--- Data in this exercise Enclosed Below ---
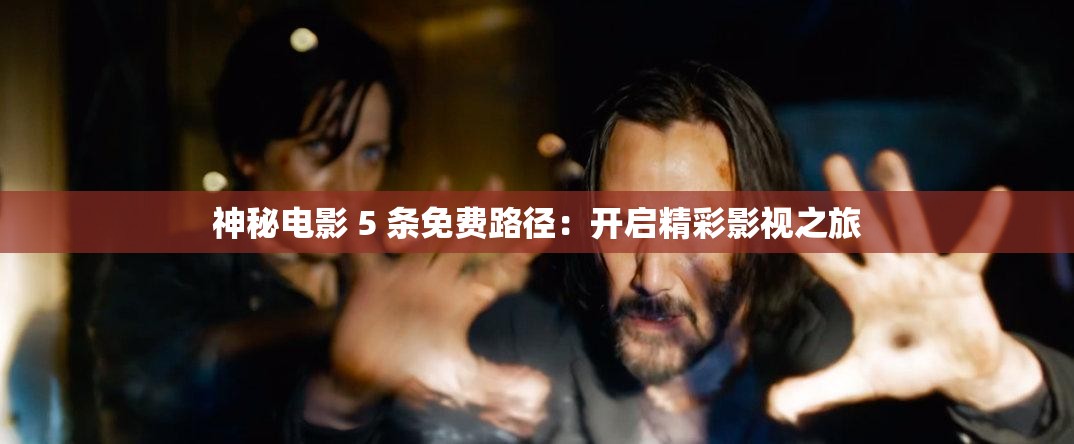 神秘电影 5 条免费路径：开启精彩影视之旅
--- End of Enclosed Data in this exercise ---
--- Data in this exercise Enclosed Below ---
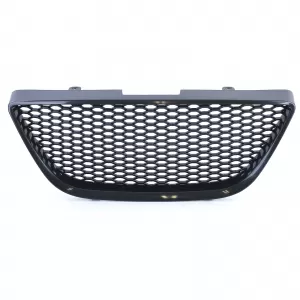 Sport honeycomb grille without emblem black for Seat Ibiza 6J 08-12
--- End of Enclosed Data in this exercise ---
--- Data in this exercise Enclosed Below ---
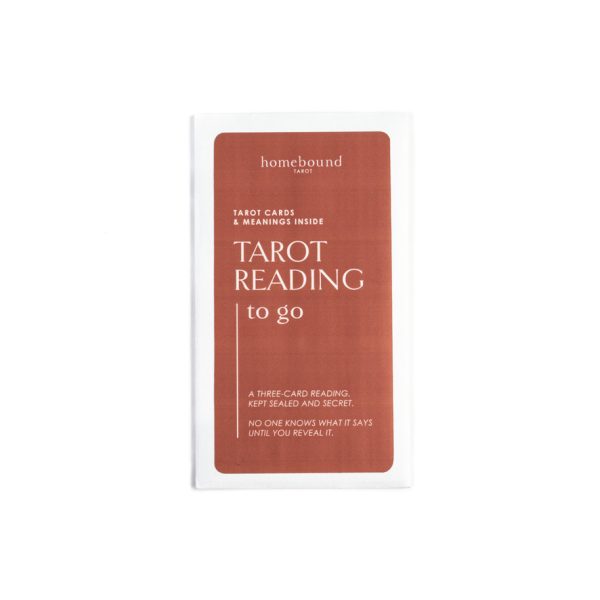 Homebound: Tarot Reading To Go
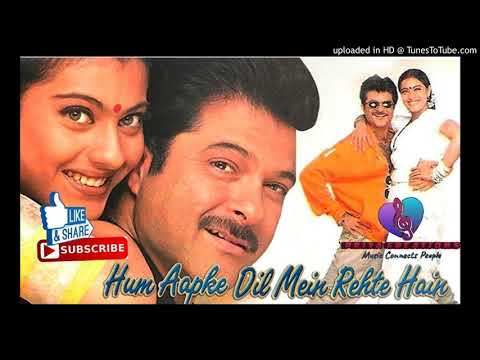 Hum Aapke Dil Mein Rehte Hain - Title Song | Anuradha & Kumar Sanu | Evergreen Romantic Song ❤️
--- End of Enclosed Data in this exercise ---
**Task to complete:** Above are some entries. Restate word for word the lines from the one holding "Homebound: Tarot Reading To Go" through the one holding "Hum Aapke Dil", but not the pictures.

**Exercise answer:**
 Homebound: Tarot Reading To Go
 Hum Aapke Dil Mein Rehte Hain - Title Song | Anuradha & Kumar Sanu | Evergreen Romantic Song ❤️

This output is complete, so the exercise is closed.